--- Work instruction ---
Once you find the line with "Vintage, Self Gift" in the data below, transcribe exactly each line from there to the line with "Hotel Global Inn", inclusive, and nothing else. Drop the pictures.
===== Records to process
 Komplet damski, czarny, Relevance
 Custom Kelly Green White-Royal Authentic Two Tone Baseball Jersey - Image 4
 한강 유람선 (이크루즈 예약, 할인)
==========
===== Records to process
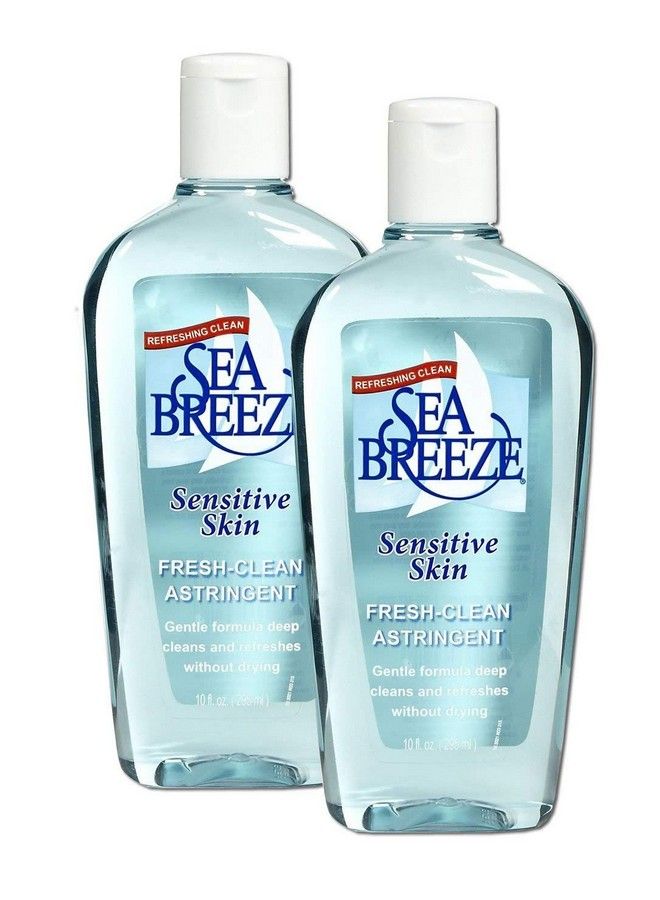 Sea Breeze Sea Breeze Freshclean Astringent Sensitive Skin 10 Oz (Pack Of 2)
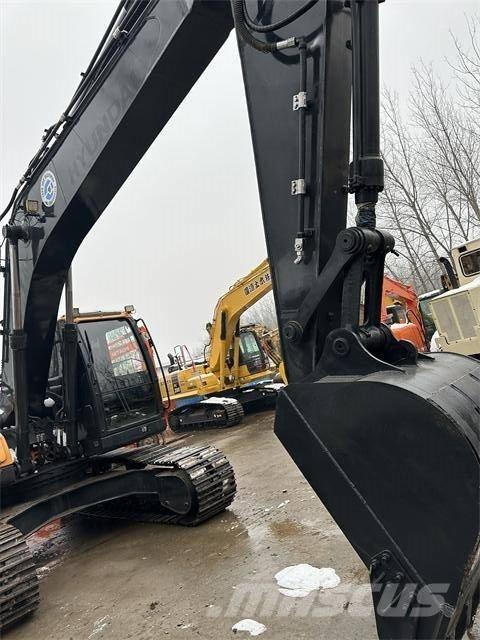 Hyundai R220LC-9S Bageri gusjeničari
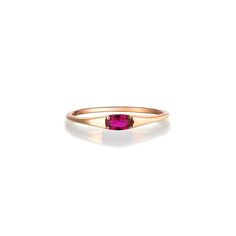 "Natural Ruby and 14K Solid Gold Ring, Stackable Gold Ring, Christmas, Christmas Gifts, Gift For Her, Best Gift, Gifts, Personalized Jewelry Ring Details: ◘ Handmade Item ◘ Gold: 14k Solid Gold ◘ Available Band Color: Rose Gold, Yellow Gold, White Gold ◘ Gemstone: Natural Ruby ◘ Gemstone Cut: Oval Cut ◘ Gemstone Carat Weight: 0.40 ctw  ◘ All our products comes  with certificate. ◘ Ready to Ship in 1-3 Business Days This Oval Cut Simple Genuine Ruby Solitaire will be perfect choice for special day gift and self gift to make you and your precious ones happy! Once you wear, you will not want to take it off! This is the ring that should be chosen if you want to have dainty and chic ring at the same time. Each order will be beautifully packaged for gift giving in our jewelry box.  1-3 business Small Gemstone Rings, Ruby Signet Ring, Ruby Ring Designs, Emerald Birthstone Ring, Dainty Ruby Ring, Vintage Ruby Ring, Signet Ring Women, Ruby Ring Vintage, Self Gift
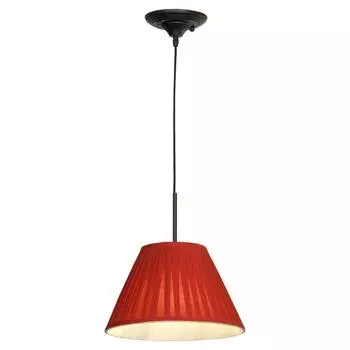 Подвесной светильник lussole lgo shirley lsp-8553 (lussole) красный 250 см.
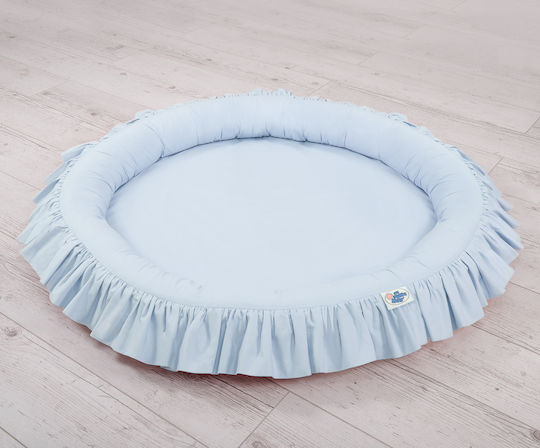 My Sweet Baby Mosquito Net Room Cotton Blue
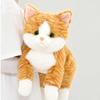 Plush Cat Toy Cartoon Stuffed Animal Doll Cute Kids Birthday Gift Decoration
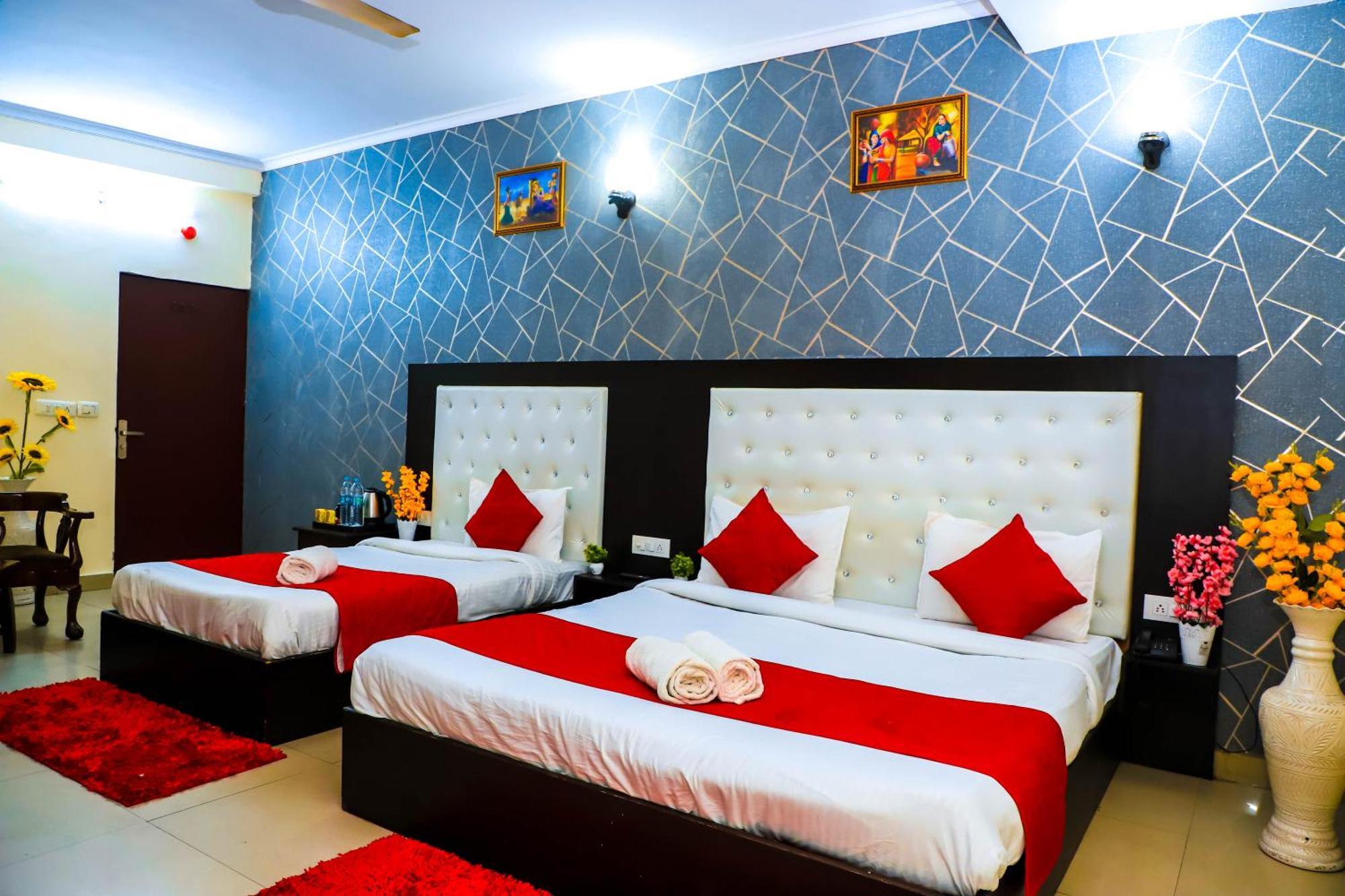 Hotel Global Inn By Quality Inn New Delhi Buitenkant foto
==========
===== Records to process
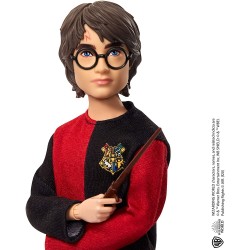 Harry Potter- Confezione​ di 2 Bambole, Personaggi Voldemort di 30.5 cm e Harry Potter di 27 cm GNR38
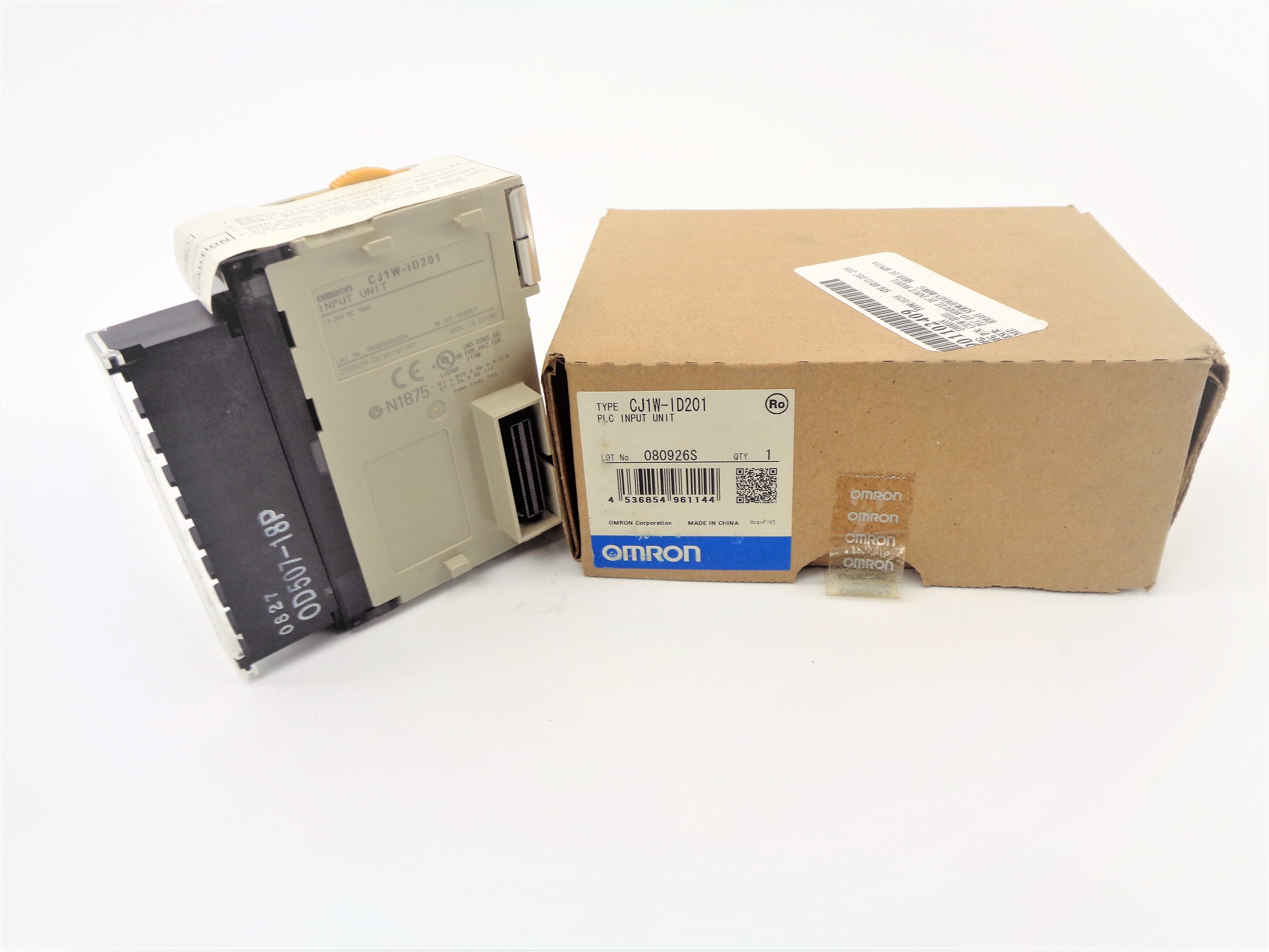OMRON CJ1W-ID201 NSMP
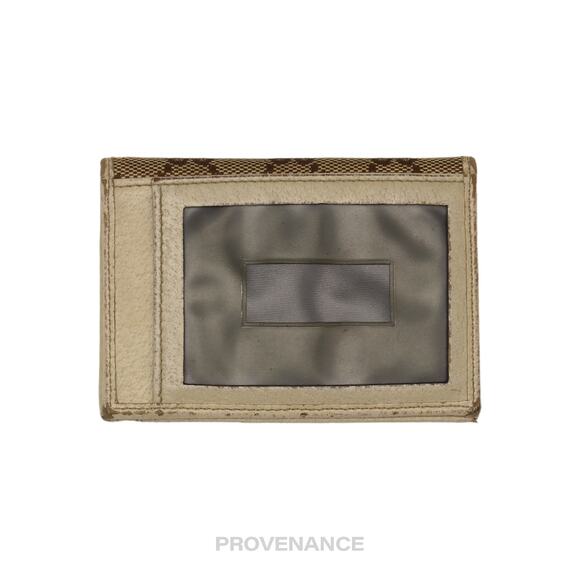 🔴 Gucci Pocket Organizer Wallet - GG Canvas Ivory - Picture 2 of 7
==========
--- Output of the exercise ---
 "Natural Ruby and 14K Solid Gold Ring, Stackable Gold Ring, Christmas, Christmas Gifts, Gift For Her, Best Gift, Gifts, Personalized Jewelry Ring Details: ◘ Handmade Item ◘ Gold: 14k Solid Gold ◘ Available Band Color: Rose Gold, Yellow Gold, White Gold ◘ Gemstone: Natural Ruby ◘ Gemstone Cut: Oval Cut ◘ Gemstone Carat Weight: 0.40 ctw  ◘ All our products comes  with certificate. ◘ Ready to Ship in 1-3 Business Days This Oval Cut Simple Genuine Ruby Solitaire will be perfect choice for special day gift and self gift to make you and your precious ones happy! Once you wear, you will not want to take it off! This is the ring that should be chosen if you want to have dainty and chic ring at the same time. Each order will be beautifully packaged for gift giving in our jewelry box.  1-3 business Small Gemstone Rings, Ruby Signet Ring, Ruby Ring Designs, Emerald Birthstone Ring, Dainty Ruby Ring, Vintage Ruby Ring, Signet Ring Women, Ruby Ring Vintage, Self Gift
 Подвесной светильник lussole lgo shirley lsp-8553 (lussole) красный 250 см.
 My Sweet Baby Mosquito Net Room Cotton Blue
 Plush Cat Toy Cartoon Stuffed Animal Doll Cute Kids Birthday Gift Decoration
 Hotel Global Inn By Quality Inn New Delhi Buitenkant foto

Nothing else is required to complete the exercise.